Bedingungen für den Flow
Natürlich ist diese Zahl angreifbar - aber kaum ein Chef wird bestreiten, dass konzentrierte Mitarbeiter deutlich bessere Ergebnisse liefern als abgelenkte. Um seinen Mitarbeitern so einen Lauf zu ermöglichen, sind aber einige Bedingungen zu erfüllen, zählt Johnson auf:
Ziele und Erwartungen müssen klar erkennbar sein,
der Mitarbeiter muss hoch konzentriert auf eine sehr begrenzte Aufgabe sein und
er braucht direktes Feedback.
Die Aufgabe muss den Mitarbeiter zwar fordern, aber nicht überfordern.

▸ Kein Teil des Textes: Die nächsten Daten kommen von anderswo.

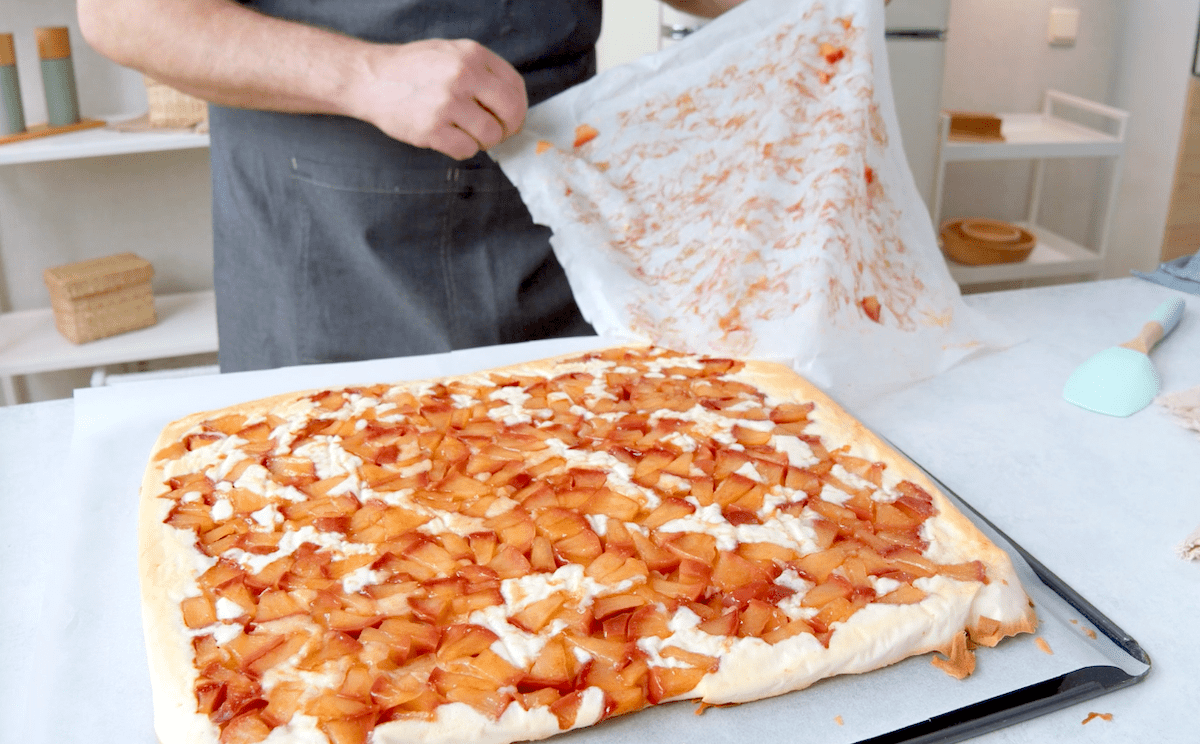 Biskuitteig mit Äpfeln, nach dem Backen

Der Mitarbeiter muss das Gefühl haben, dass er die Kontrolle über die Situation oder Aktivität hat, die auch noch aus sich selbst heraus erfüllend ist.
Selbst wenn das alles erfüllt ist, lauern an jeder Ecke noch Störfaktoren: "Im Arbeitsalltag gibt es so viele Ablenkungsmöglichkeiten, vom Smartphone bis hin zum Messenger", sagt Johnson. Das macht einen Zustand des Flows geradezu unmöglich. Hinzu kommen regelmäßige Treffen mit Kollegen und Vorgesetzten, die einen immer wieder aus der Konzentration reißen: "Sind die Meetings über den ganzen Tag verteilt, gibt es keinen genügend großen Zeitabschnitt, um in den Flow zu kommen", sagt Johnson. Das beschädigt die Produktivität in der ganzen Firma.

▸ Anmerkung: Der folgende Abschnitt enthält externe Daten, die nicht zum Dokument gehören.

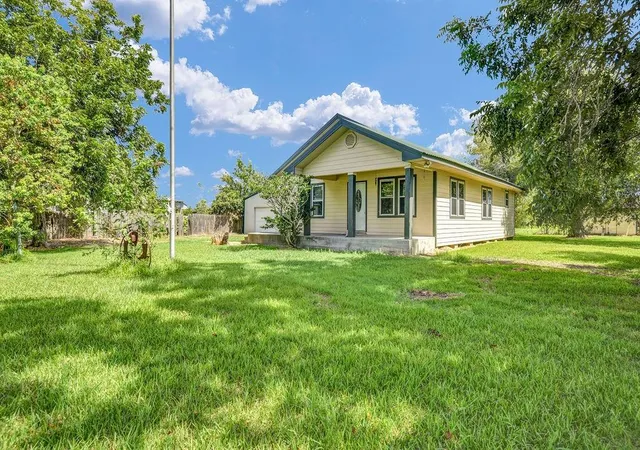 3rd image of 7223 Highland Rd, Santa Fe, TX 77517 | MLS# 4852016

Meetings nur noch vormittags
Gegen einige dieser Störfaktoren kann man aber vorgehen: Kürzlich sprach Johnson mit dem CEO einer Filmproduktionsfirm aus Stockholm mit 500 Mitarbeitern. Auch in diesem Unternehmen waren die Meetings über den ganzen Tag hinweg verteilt, was die Arbeit nicht produktiver machte. Die Lösung, die Johnson vorschlägt, ist bestechend einfach. "Die Firma gestattet Meetings nur noch in einer Tageshälfte, entweder vormittags oder nachmittags", erzählt Johnson. Nur so kommen die Mitarbeiter in den Genuss von einigen Stunden am Stück, wo sie halbwegs unterbrechungsfrei arbeiten können.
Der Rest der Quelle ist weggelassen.